The second disc starts off with “Summoning Spirits,” a new interview with Del Toro where he talks about the gothic horror genre and how he created the ghost of Santi. The director talks about his drawings for the character and why he looks the way he does. We see how Del Toro achieved his vision and the special effects work that went into it. This is a fascinating look at the process.
“Making of Documentary” is a 27-minute look at various aspects of the film. They are broken down into six segments that can be viewed separately or altogether. Del Toro and his co-screenwriter, Antonio Trashorras talk about the film’s classic ghost story and how they tried to put an original spin on it. The director, with his art director Cesar Macarron, talk about the look of the film and how they wanted characters to be framed in archways — “Humans confined by architecture,” as Del Toro puts it. This is an excellent look at how the movie was made and told in a concise and informative manner.
“Spanish Gothic” is a new extra that sees Del Toro talking about The Devil’s Backbone and Pan’s Labyrinth (2006) and their relationship to the Spanish gothic genre. He talks about the origins of the film’s title, steeped in Mexican folklore, and how he changed it to fit the Spanish setting. Del Toro also talks about how he tried to create something new within this genre.
“Director’s Notebook” features a few scribblings from Del Toro’s notebook. It is interesting to see how much the finished film reflects these drawings.
“Designing The Devil’s Backbone” is a new interview with Del Toro, which examines the art direction and set design, singling out several key collaborators. A lot of planning and work went into the look of the film, from costumes to the content of the rooms, and it all had a purpose or a meaning.
There are four deleted scenes with optional commentary by the director. He explains that they were cut mostly because they slowed down the pacing of the movie.

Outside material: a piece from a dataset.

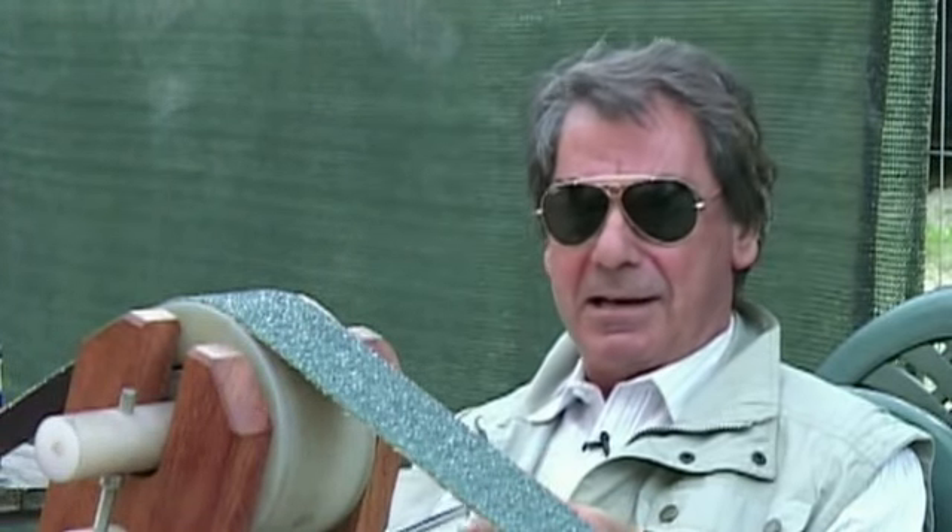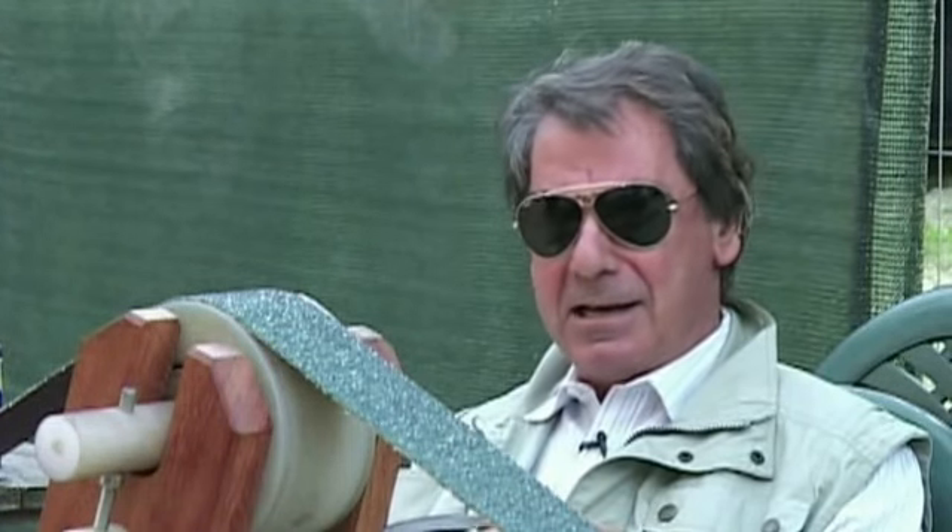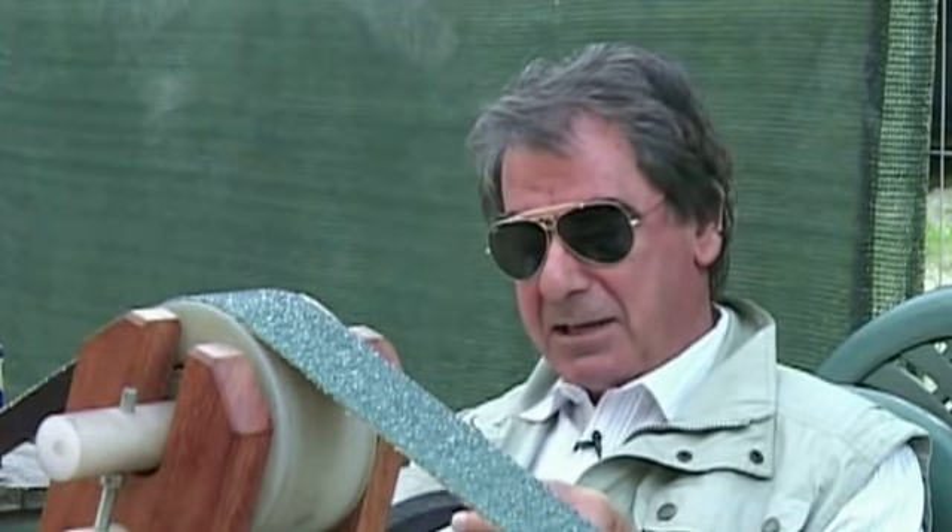Poi cercate di realizzarli, girando per le segherie, raccogliete avanzi, ritagli, andate nei depositi di ferro vecchio, cercate di prendere qualcosa che vi potrà essere utile.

“Sketch, Storyboard, Screen” allows one to watch parts of the film with selected sketches by Del Toro that he did for certain scenes. These drawings pop up in the corner of the screen so as not to obscure the entire frame. You can also compare six scenes from the film with the thumbnail drawings, storyboard and the final product simultaneously. There is also a gallery of sketches and drawings of characters, sets, and the special effects.
Finally, there is the “War of Values,” featuring Spanish Civil War expert Sebastiaan Faber examining the role that this historical conflict plays in The Devil’s Backbone. He provides a brief rundown of the war and puts it in the context of the film. This is an informative look at the historical backdrop to the film.